Consider the map $f : S^{m} \rightarrow Sym(\Bbb R^{m+1})$ from the unit sphere into the space of symmetric matrices that takes a point to the reflection about the corresponding line. It is claimed that we can "identify" the real projective space $\mathbb{R}P^{m}$ with the image $f(S^{m}$).
What does "identify" mean in this context? $\mathbb{R}P^{m}$ is the space of equivalence classes of lines in $\mathbb{R^{m+1}}$ and $f(S^{m})$ is a subset of matrices. The only thing they have incommon is that two points are sent to one in the same fashion, is that all there is to it?
There are two possible viewpoints for the real projective space of dimension $m$. You can see it as the quotient space obtained from $\Bbb R^{m+1}-0$ by identifying collinear points (i.e it's the space of lines in $\Bbb R^{m+1}$). You can see it at the quotient obtained from the $m$-sphere $S^m$ by identifying antipodal points. See here.
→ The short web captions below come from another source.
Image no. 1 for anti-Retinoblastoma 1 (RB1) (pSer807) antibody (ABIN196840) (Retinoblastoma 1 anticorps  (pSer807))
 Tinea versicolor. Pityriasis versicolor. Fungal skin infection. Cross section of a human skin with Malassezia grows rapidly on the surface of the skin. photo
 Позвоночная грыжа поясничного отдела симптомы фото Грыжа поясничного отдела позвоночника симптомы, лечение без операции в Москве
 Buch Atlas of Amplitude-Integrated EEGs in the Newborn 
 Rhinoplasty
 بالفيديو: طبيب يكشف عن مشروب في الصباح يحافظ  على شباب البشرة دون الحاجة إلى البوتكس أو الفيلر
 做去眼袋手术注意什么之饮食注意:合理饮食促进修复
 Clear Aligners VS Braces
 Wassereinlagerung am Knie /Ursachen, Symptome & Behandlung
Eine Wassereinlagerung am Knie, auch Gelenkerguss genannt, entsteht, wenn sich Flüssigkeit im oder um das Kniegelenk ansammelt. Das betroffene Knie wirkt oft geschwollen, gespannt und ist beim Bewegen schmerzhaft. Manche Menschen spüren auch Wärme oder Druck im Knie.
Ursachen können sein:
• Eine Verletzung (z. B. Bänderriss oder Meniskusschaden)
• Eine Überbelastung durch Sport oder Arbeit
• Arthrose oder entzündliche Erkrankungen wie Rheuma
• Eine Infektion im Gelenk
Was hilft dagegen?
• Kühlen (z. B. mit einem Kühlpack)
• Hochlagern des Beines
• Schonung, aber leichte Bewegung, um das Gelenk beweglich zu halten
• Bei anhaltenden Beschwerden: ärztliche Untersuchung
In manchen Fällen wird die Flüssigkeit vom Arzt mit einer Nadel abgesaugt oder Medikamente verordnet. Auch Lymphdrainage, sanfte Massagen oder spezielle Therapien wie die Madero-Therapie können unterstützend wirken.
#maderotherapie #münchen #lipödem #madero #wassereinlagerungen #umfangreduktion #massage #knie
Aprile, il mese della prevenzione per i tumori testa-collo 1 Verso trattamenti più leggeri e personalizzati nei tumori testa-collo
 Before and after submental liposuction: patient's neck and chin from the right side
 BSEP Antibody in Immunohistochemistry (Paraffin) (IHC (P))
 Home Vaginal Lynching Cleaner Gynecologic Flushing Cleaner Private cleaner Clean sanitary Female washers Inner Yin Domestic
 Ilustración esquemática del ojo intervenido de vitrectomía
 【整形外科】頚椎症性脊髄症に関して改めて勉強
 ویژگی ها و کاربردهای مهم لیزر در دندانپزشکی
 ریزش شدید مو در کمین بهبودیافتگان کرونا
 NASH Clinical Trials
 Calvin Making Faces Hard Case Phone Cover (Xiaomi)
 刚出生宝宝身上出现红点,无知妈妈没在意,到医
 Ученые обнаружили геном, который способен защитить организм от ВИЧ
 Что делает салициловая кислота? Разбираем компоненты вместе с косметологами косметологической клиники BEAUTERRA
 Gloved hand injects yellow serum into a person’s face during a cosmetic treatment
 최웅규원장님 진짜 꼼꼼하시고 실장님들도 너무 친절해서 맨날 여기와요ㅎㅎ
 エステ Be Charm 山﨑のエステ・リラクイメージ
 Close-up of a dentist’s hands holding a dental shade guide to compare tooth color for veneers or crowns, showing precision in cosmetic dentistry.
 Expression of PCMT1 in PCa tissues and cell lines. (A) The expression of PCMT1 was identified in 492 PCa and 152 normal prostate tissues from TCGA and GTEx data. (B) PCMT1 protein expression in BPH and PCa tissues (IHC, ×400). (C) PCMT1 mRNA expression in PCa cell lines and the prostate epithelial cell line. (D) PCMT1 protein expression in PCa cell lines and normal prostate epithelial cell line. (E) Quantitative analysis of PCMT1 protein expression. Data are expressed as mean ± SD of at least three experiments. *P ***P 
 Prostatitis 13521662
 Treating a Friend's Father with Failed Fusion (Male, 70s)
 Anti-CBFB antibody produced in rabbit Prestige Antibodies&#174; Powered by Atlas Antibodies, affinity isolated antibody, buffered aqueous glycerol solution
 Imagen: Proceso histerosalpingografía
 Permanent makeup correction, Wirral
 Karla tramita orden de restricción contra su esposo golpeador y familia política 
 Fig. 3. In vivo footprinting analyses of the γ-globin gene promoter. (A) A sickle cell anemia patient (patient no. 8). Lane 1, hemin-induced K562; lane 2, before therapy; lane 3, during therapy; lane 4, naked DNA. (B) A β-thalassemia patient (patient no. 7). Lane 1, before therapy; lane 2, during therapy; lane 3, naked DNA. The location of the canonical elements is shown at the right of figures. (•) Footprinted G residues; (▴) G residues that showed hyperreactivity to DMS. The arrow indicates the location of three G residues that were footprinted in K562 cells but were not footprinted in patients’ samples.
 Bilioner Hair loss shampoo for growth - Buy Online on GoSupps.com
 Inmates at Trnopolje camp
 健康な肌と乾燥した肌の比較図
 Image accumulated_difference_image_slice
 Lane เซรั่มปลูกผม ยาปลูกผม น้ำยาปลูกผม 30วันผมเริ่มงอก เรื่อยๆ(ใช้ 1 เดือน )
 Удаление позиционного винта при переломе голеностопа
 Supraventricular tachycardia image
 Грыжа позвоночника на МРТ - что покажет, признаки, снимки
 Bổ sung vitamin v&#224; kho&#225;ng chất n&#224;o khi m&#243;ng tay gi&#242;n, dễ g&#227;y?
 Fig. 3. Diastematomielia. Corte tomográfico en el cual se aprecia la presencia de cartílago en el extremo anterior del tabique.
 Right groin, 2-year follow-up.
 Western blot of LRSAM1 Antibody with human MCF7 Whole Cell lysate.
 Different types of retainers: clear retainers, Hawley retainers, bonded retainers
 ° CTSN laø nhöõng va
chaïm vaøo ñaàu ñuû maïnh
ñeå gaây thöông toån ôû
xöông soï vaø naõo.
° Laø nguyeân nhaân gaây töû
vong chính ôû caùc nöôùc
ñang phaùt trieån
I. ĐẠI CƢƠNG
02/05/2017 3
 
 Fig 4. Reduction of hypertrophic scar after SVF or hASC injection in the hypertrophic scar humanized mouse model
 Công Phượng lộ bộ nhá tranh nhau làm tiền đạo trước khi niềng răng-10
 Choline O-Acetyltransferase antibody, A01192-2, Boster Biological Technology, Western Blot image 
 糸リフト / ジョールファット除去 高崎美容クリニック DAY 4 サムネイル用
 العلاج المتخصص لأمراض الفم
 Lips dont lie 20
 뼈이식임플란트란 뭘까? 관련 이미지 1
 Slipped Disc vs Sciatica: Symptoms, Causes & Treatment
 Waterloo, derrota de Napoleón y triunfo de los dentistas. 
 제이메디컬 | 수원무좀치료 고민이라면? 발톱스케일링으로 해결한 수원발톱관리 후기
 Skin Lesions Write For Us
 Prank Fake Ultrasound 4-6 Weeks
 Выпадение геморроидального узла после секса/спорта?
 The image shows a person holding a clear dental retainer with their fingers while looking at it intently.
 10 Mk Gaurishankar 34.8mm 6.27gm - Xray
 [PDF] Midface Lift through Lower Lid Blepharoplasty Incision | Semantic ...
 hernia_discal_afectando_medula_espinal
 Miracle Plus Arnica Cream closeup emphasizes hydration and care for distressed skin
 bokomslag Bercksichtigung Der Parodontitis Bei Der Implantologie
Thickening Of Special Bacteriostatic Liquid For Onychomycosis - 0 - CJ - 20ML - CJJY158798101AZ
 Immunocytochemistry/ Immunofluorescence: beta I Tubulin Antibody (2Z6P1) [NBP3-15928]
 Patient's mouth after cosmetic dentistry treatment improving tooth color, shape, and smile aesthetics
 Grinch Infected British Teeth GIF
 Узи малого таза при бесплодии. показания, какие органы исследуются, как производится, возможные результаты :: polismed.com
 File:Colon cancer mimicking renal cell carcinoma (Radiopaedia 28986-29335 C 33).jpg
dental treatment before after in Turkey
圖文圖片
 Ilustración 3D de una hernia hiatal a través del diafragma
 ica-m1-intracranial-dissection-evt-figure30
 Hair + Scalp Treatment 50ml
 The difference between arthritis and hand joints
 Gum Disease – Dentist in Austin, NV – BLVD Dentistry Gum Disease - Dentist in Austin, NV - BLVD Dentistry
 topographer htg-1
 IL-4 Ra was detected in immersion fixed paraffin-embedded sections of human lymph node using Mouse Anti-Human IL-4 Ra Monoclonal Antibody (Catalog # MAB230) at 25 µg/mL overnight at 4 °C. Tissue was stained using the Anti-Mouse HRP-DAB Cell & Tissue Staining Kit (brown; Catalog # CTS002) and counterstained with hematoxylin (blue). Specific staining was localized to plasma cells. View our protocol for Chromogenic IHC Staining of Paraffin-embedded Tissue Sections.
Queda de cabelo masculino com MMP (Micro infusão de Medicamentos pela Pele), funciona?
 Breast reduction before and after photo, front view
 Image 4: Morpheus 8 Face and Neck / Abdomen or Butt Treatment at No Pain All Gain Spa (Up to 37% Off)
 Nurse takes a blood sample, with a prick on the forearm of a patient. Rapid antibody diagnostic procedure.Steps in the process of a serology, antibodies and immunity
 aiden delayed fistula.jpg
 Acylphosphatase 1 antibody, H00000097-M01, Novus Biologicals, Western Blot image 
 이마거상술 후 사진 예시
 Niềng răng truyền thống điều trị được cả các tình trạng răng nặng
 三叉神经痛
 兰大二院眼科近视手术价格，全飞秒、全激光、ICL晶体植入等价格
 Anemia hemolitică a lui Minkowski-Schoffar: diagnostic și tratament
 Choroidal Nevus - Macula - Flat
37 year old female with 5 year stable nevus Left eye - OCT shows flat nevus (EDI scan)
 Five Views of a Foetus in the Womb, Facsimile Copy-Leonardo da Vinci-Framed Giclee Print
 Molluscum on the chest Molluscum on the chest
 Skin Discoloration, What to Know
If $x,y\in S^m$ then you can check that $f(x)=f(y)$ if and only if $x=y$ or $x=-y$. Take the viewpoint of the real projective space as a quotient of the $m$-sphere. The continuous map $f$ factors to a continous bijection $$ \widetilde{f}:\Bbb RP^m\longrightarrow f(S^m).$$ Because the projective space is compact and $f(S^m$) is Hausdorff, $\widetilde{f}$ is a homeomorphism. This is how you can identify the projective space and $f(S^m)$.